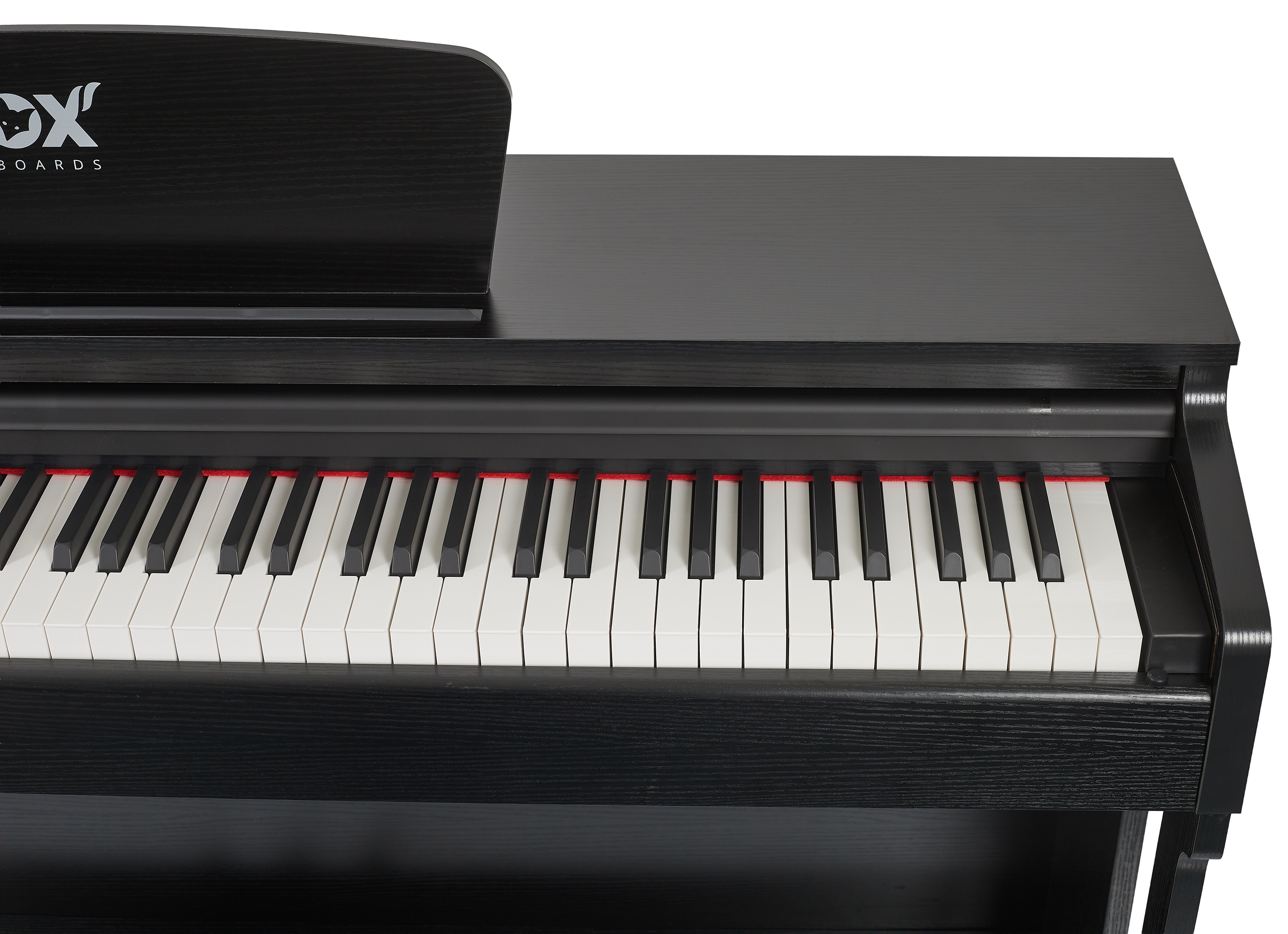 Fox P2006 (obrázek 5)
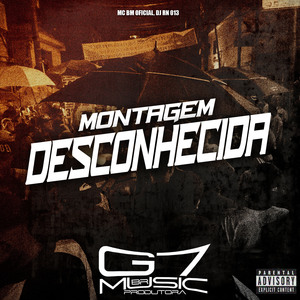 Montagem Desconhecida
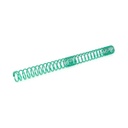 MUELLE PROMETHEUS EMERALD NON LINEAR MS120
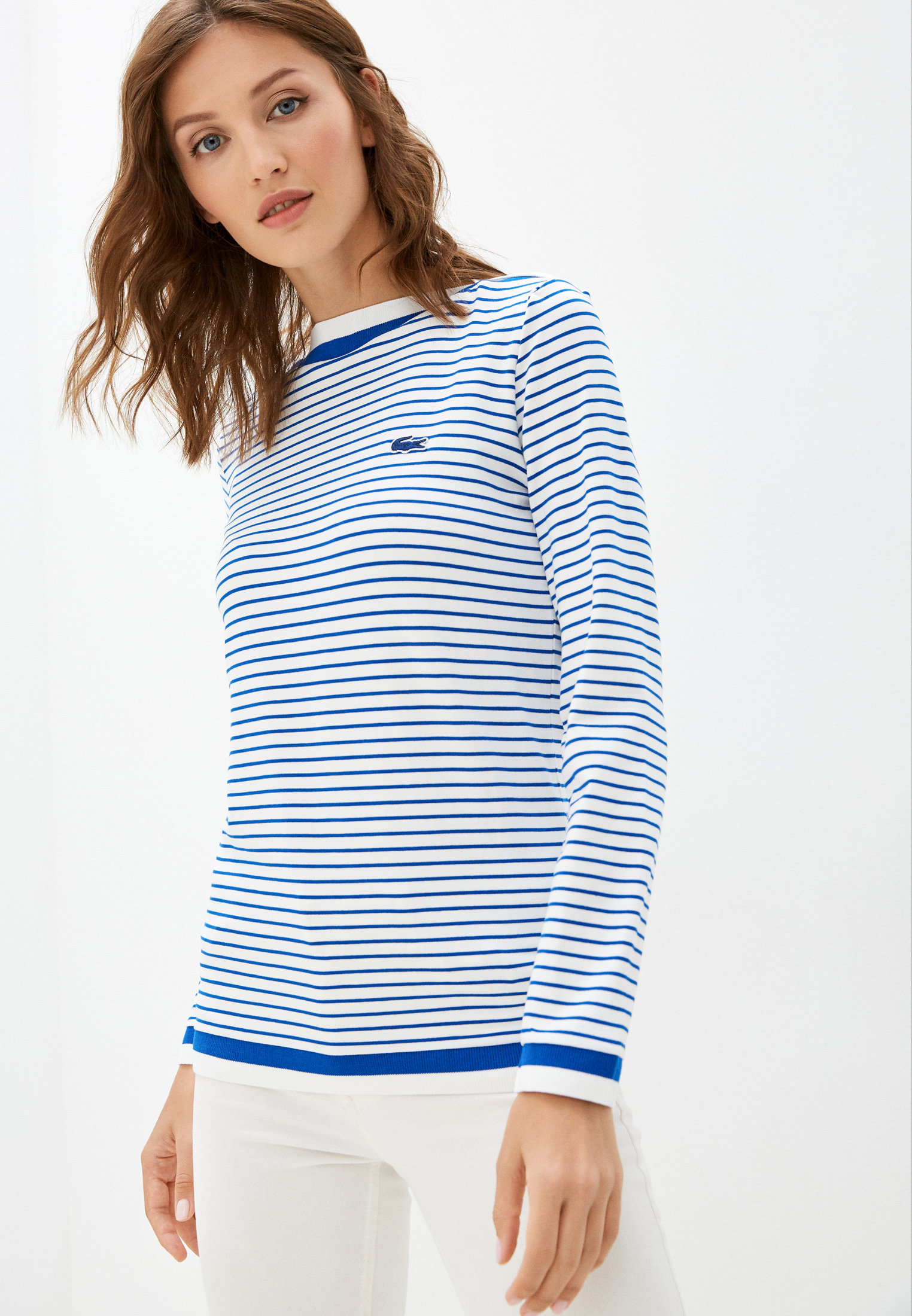 Женская Одежда Lacoste Купить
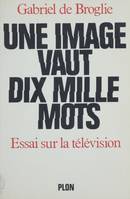 Une image vaut dix mille mots, Essai sur la télévision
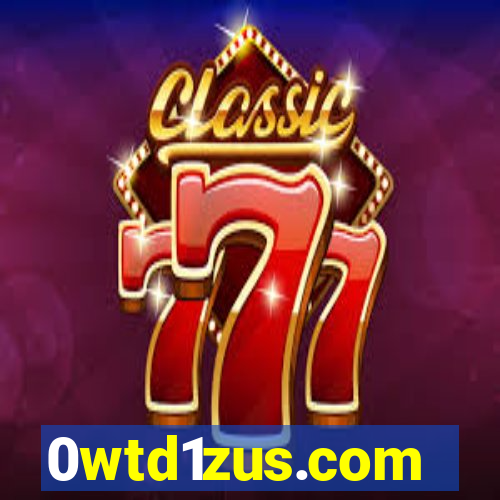 0wtd1zus.com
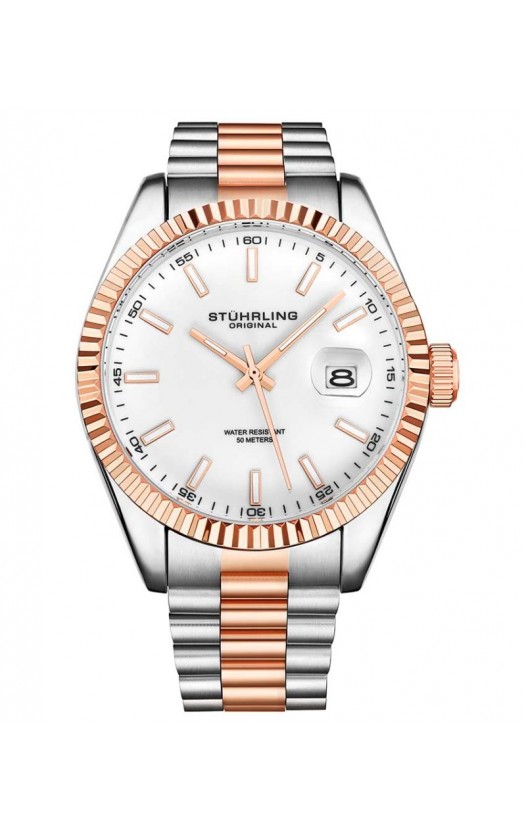 lineage 3935 Quartz 42mm Classic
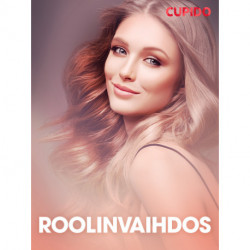 Roolinvaihdos – eroottinen novelli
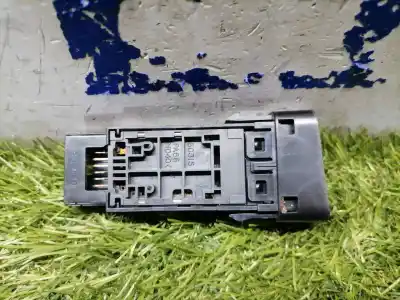 Автозапчасти б/у электрический стояночный тормоз за toyota prius (nhw30) plug-in hybrid advance ссылки oem iam 15c315  15c315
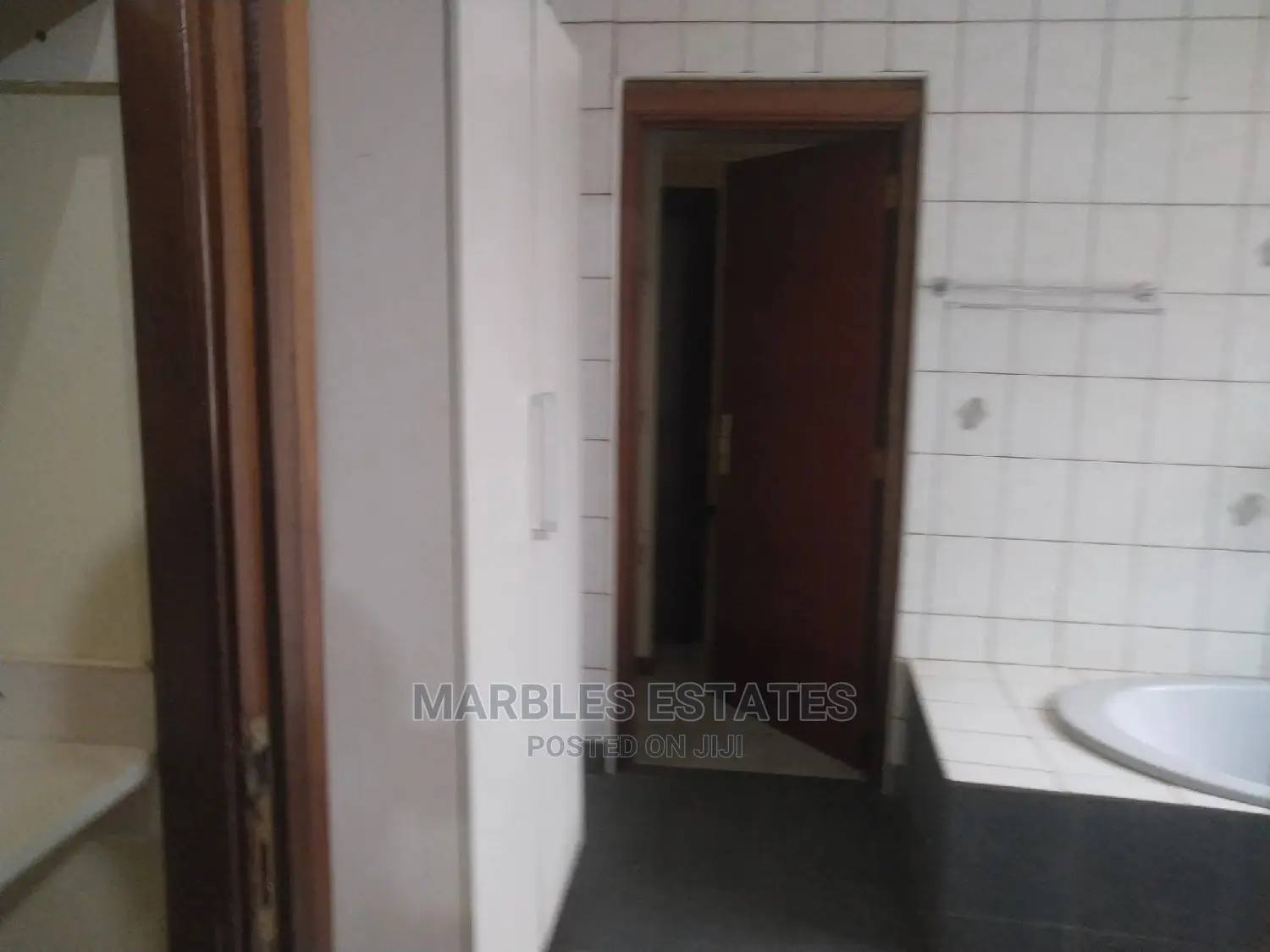 8bdrm Bungalow in Naguru, Central Division for Rent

◆ **WHAT THE TASK REQUIRES**
Copy out exactly the lines from the one with "lineage 3935 Quartz 42mm Classic" through the end of the listing, both ends included, omitting any picture.

◆ **EXERCISE RESPONSE**
 lineage 3935 Quartz 42mm Classic
 Roolinvaihdos – eroottinen novelli
 Автозапчасти б/у электрический стояночный тормоз за toyota prius (nhw30) plug-in hybrid advance ссылки oem iam 15c315  15c315
 8bdrm Bungalow in Naguru, Central Division for Rent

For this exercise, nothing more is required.